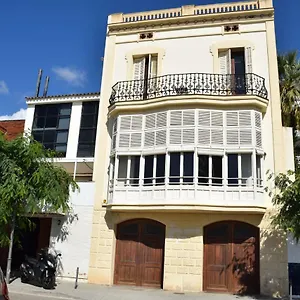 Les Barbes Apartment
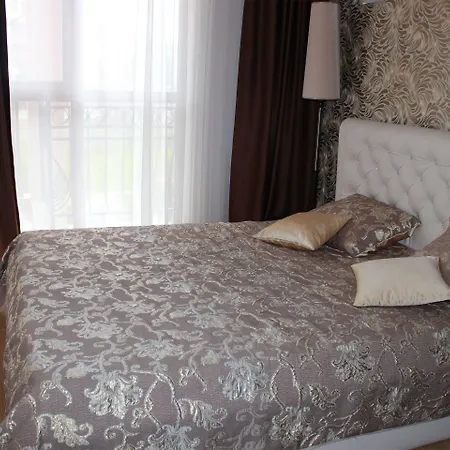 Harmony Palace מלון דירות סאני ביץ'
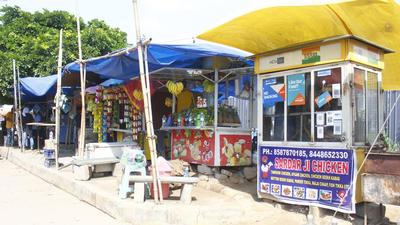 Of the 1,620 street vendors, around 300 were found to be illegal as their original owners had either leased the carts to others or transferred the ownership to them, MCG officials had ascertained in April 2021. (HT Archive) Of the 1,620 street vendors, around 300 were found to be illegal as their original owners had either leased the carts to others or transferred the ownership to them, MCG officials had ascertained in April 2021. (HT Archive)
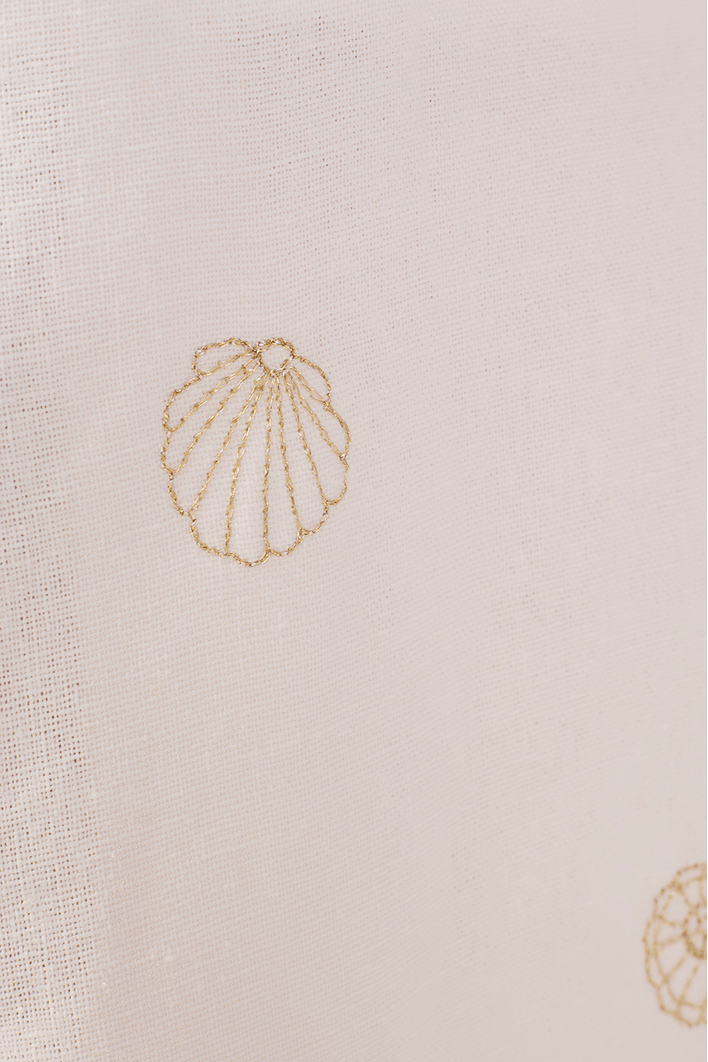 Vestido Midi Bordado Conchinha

##########

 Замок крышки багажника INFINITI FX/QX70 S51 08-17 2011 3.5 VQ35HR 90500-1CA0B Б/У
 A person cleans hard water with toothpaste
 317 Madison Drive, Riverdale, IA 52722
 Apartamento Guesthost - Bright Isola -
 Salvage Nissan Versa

##########

* _What to do_: Within the entries above, the lines from the one containing "Les Barbes Apartment" through the one containing "Vestido Midi Bordado Conchinha" are to be transcribed exactly, ends included, pictures excluded.

* _Your response_:
 Les Barbes Apartment
 Harmony Palace מלון דירות סאני ביץ'
 Of the 1,620 street vendors, around 300 were found to be illegal as their original owners had either leased the carts to others or transferred the ownership to them, MCG officials had ascertained in April 2021. (HT Archive) Of the 1,620 street vendors, around 300 were found to be illegal as their original owners had either leased the carts to others or transferred the ownership to them, MCG officials had ascertained in April 2021. (HT Archive)
 Vestido Midi Bordado Conchinha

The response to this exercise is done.